Once you find the line with "AUDI A6 C6/4F", output it and every line after it exactly, through the last line of the listing, but no pictures.

Segment Start: Data provided

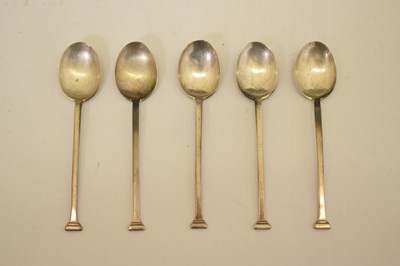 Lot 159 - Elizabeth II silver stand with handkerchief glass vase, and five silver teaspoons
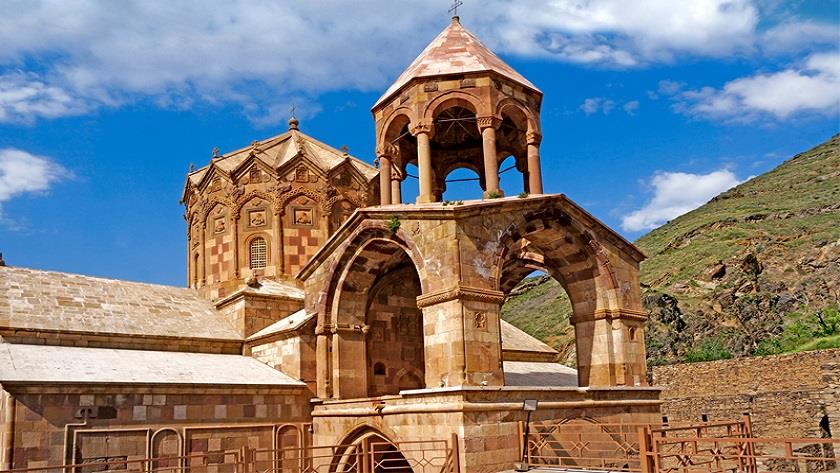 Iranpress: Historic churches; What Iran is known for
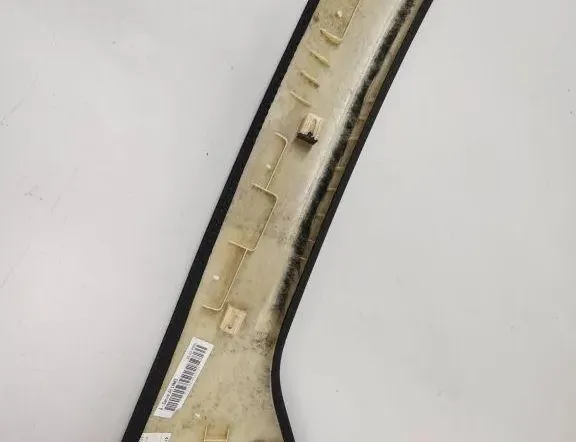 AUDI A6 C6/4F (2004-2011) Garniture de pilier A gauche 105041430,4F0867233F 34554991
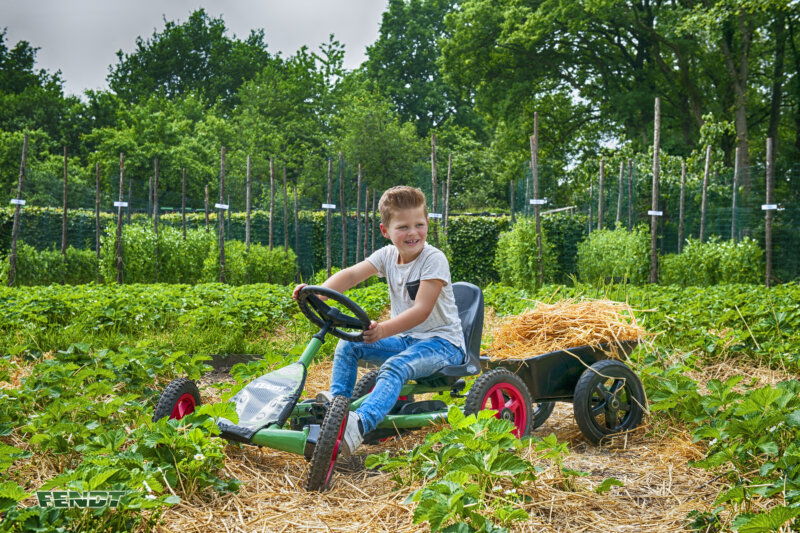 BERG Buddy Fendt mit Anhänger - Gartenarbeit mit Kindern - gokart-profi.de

Segment End: Data provided

:: Answer section ::
 AUDI A6 C6/4F (2004-2011) Garniture de pilier A gauche 105041430,4F0867233F 34554991
 BERG Buddy Fendt mit Anhänger - Gartenarbeit mit Kindern - gokart-profi.de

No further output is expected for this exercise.